Looks these changes should be applied to trampoline_start64()
yet, which is used for boot up APs when apic->wakeup_secondary_cpu_64
is available, e.g when ACPI_MADT_TYPE_MULTIPROC_WAKEUP is available.

One case I know is the INTEL TD guest, which using the MADT wakeup
for AP wake up now.

> # Setup stack
> movl $rm_stack_end, %esp
>
> @@ -241,6 +254,7 @@ SYM_DATA_START(trampoline_header)

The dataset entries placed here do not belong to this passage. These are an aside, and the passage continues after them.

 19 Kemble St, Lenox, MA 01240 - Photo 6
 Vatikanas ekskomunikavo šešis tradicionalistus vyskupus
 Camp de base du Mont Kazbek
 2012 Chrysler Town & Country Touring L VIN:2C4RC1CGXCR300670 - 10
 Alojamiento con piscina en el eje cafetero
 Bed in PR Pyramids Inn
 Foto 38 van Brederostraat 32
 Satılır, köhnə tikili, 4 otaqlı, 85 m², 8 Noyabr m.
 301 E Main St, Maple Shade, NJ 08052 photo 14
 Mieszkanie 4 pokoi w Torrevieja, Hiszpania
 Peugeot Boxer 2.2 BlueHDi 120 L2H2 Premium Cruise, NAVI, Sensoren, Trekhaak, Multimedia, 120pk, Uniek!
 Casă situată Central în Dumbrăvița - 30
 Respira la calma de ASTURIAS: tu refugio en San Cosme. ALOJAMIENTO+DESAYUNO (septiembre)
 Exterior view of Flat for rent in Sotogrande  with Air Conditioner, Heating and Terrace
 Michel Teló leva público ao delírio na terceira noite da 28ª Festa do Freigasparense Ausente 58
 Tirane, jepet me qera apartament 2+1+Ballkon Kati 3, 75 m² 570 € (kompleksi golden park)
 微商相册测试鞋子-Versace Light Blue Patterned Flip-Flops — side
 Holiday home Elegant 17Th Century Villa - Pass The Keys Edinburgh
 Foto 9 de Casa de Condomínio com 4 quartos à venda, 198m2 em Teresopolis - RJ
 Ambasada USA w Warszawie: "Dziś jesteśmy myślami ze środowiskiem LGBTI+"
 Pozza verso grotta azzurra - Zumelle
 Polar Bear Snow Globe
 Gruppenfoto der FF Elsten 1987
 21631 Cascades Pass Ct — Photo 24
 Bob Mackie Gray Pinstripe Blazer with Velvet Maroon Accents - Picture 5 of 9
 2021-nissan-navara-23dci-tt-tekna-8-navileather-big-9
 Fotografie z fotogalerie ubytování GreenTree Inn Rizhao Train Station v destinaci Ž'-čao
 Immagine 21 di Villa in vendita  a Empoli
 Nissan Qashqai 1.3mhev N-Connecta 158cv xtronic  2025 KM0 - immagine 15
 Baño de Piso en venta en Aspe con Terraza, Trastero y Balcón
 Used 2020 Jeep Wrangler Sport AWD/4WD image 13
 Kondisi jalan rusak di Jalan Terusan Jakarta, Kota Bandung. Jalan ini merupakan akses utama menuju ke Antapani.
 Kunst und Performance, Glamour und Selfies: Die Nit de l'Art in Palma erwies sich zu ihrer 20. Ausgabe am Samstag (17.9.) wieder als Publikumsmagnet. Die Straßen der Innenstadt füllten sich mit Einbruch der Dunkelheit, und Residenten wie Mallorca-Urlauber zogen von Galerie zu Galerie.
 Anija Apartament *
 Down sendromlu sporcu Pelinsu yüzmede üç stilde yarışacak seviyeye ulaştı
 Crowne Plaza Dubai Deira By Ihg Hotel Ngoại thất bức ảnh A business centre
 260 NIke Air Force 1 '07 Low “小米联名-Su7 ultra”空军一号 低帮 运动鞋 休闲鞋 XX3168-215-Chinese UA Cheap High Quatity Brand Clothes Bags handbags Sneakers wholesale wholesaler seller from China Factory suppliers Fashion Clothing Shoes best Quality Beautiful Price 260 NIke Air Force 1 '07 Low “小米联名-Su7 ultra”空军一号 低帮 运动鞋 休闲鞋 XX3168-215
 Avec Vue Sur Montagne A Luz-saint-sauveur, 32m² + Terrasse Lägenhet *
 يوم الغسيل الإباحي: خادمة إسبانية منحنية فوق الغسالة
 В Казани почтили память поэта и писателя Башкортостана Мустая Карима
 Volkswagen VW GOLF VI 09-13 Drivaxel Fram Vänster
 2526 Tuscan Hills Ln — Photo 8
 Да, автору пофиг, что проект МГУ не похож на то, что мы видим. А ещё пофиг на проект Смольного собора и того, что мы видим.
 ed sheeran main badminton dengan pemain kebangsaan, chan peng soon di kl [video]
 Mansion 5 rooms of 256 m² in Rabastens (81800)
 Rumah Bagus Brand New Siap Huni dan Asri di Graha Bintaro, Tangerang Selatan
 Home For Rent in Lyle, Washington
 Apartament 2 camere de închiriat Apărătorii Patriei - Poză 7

> SYM_DATA(tr_efer, .space 8)
> SYM_DATA(tr_cr4, .space 4)
> SYM_DATA(tr_flags, .space 4)
> + SYM_DATA(tr_lock, .space 4)
> SYM_DATA_END(trampoline_header)
>
> #include "trampoline_common.S"
> diff --git a/kernel/smpboot.c b/kernel/smpboot.c
> index 2c7396da470c..a18a21dff9bc 100644
> --- a/kernel/smpboot.c
> +++ b/kernel/smpboot.c
> @@ -25,7 +25,7 @@
> * For the hotplug case we keep the task structs around and reuse
> * them.
> */
> -static DEFINE_PER_CPU(struct task_struct *, idle_threads);
> +DEFINE_PER_CPU(struct task_struct *, idle_threads);
>
> struct task_struct *idle_thread_get(unsigned int cpu)
> {
> --
> 2.25.1
>